Post by BtEO » Mon Apr 01, 2013 10:08 pm

collegestudent22 wrote:As for VAWA, I think it strengthens a dangerous social precedent that already exists to some degree. Specifically, the idea that women are always victims and men always perpetrators. (In college, I was told it was literally impossible for a man to be raped by a woman. Because clearly, all men are always up for sex with any woman who crosses their path or something.) Which is dangerous because it is so false.
Yes, victim blaming happens to victims of both genders. And it is absolutely right that we should seek to tackle this idea too. But sexual assault does affect women disproportionately. Women on the whole seem to still be growing up with a better sense of what constitutes consent and where the default boundaries should be than men; not all women, and not all men, but the ratio is heavily skewed.

Having looked a bit more as VAWA I'm not convinced it's the right approach. Some of the measures providing support to victims seem good. Often abusers seek to remove any power from their victims — leaving them feeling totally dependent on the abusers; I've seen it happen to friends of mine, smart friends you wouldn't think would be affected. So support structures in place to help victims leave their abusers are in my book a good thing. The rest of the act seems to focus on tougher penalties however, and we all know how well that works: after all no-one commits murder any more for fear they face the death penalty themselves…

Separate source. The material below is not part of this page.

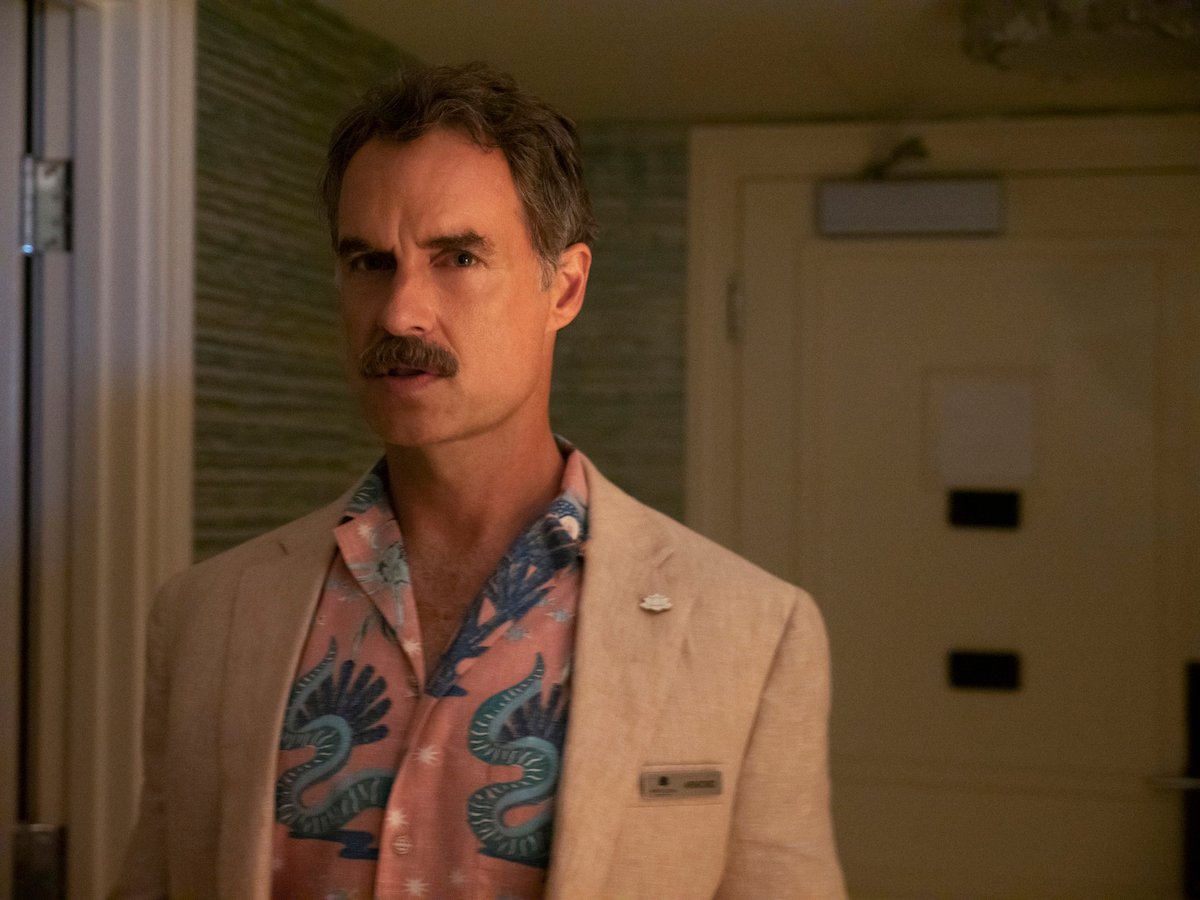 'The White Lotus' star Murray Bartlett enters a hotel room wearing Armond's uniform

What's needed is far more education, at all levels of society, that men do not have power or priority over women by virtue of their gender and all the myriad ways big and small (these days it's largely an excess of small things combined[1], big thing are far easier to spot even if you're not experiencing them first hand) that this manifests. And alongside this I would love to see greater support and visibility for male victims of rape and abuse; it does no-one any favours to leave those victims to suffer in silence. But it does not have to be an either/or situation, nor should the lack of one demand the lack of the other — both are sorely needed.
[1] Timely example. Why are podium girls even a thing — and even if they choose to take employment offering a kiss on the cheek to 1st place why did Sagan think he had right of access to any part of that woman's body?